CN108090417A

CN108090417A - A kind of method for detecting human face based on convolutional neural networks

Info

Publication number: CN108090417A
Application number: CN201711204234.8A
Authority: CN
Inventors: 刘琳; 姜飞; 申瑞民
Original assignee: Shanghai Jiao Tong University
Current assignee: Shanghai Jiao Tong University
Priority date: 2017-11-27
Filing date: 2017-11-27
Publication date: 2018-05-29

Abstract

The present invention relates to a kind of face detection method based on convolutional neural network, comprises the following steps: 1) establishes face detection model, and this model adopts RFCN network structure, and described RFCN network structure comprises the feature extraction layer based on feature fusion; 2 ) to obtain a sample set; 3) to train the face detection model established in step 1); 4) to perform face detection on the picture to be tested with the trained face detection model. Compared with the prior art, the present invention has the advantages of higher accuracy rate and recall rate, better adaptability to complex scenes, and the like.

Description

A Face Detection Method Based on Convolutional Neural Network

技术领域technical field

本发明涉及人脸识别技术领域，尤其是涉及一种基于卷积神经网络的人脸检测方法。The invention relates to the technical field of face recognition, in particular to a face detection method based on a convolutional neural network.

背景技术Background technique

人脸检测是一项涉及计算机视觉、模式识别及人工智能等多领域的研究课题，因其在商业、医疗和军事等领域中广泛的应用价值，一直是人们研究的热点。然而，在现实场景下，复杂图像中的人脸经常会存在遮挡严重的情况，这给人脸检测带来巨大的挑战，所以提出一种能够适应于严重遮挡的人脸检测方法仍然是研究的难点。Face detection is a research topic involving computer vision, pattern recognition, artificial intelligence and other fields.
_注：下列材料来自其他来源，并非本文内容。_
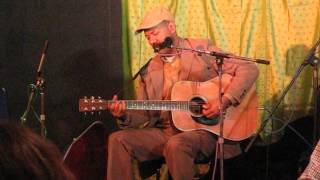 Michael Roach - "Go Tell It on The Mountain"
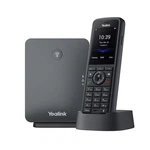 Yealink W79p Pro Ruggedized Dect Ip Phone System With W59r Handset Ip67 To. Fixed Price $345.00.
Because of its wide application value in commercial, medical and military fields, it has always been a hot research topic. However, in real-world scenarios, faces in complex images are often severely occluded, which poses a huge challenge to face detection, so it is still a research to propose a face detection method that can adapt to severe occlusions. difficulty.

文献“Object Detection via Region-based Fully Convolutional Networks”(Dai,J., Li,Y.,He,K.,Sun,J.:R-FCN:.In:30th Conference on Neural InformationProcessing Systems,pp.379-387.Barcelona)公开一种基于区域全卷积神经网络的目标检测方法，该方法基础网络采用ResNet101，为RFCN网络结构，子网络分为Region ProposalNetwork(RPN)和分类网络，整体网络结构如图1所示。ResNet提取feature maps的过程共4个阶段，分别记为res1，res2，res3，res4。res4之后通过卷积运算与RPN子网络和分类子网连接。RPN子网络与分类子网共享ResNet所提取的 feature maps，使得特征的提取只需进行一次运算，极大地提高了运算效率。Literature "Object Detection via Region-based Fully Convolutional Networks" (Dai, J., Li, Y., He, K., Sun, J.: R-FCN:.In: 30th Conference on Neural Information Processing Systems, pp.379 -387.Barcelona) discloses a target detection method based on regional fully convolutional neural network. The basic network of this method uses ResNet101, which is an RFCN network structure. The sub-network is divided into Region ProposalNetwork (RPN) and classification network. The overall network structure is shown in the figure 1. The process of extracting feature maps by ResNet consists of 4 stages, which are recorded as res1, res2, res3, and res4. After res4, it is connected with the RPN subnetwork and the classification subnetwork through the convolution operation. The RPN sub-network and the classification sub-network share the feature maps extracted by ResNet, so that the feature extraction only needs to be performed once, which greatly improves the calculation efficiency.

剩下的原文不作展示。